_Action item_
Please restate word for word the lines of the entries below from the one with "精彩截图-智农佳平板端2026官方新版" to the one with "ぴあ販売会社/発売会社：ぴあ", inclusive, and leave out every picture.

··· Extracted entries

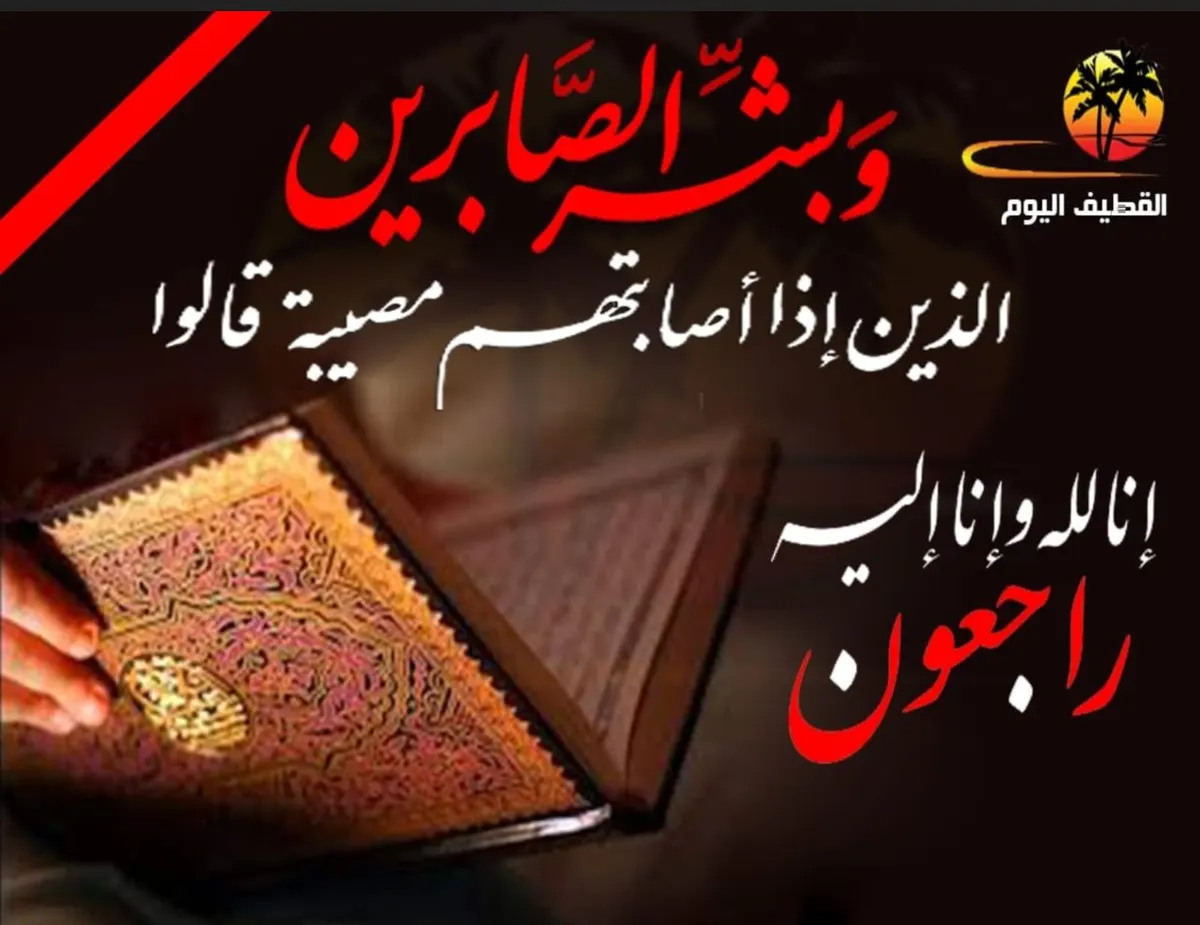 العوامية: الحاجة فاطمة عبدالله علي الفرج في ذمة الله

······
··· Extracted entries

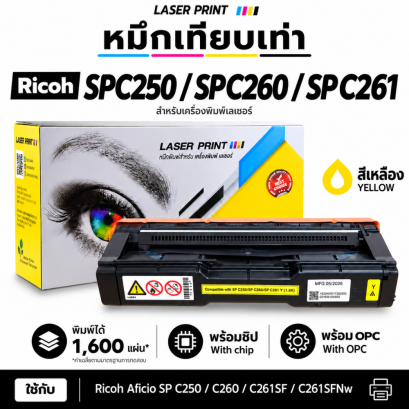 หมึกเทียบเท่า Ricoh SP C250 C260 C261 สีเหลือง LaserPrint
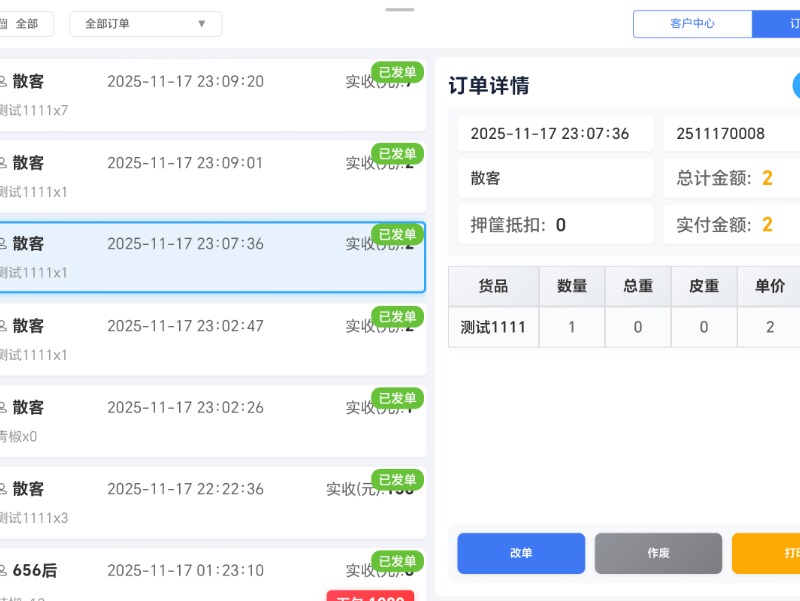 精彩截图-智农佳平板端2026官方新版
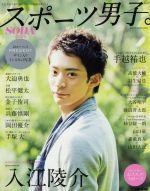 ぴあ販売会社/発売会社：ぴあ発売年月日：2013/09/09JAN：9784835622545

······

_Response_
 精彩截图-智农佳平板端2026官方新版
 ぴあ販売会社/発売会社：ぴあ発売年月日：2013/09/09JAN：9784835622545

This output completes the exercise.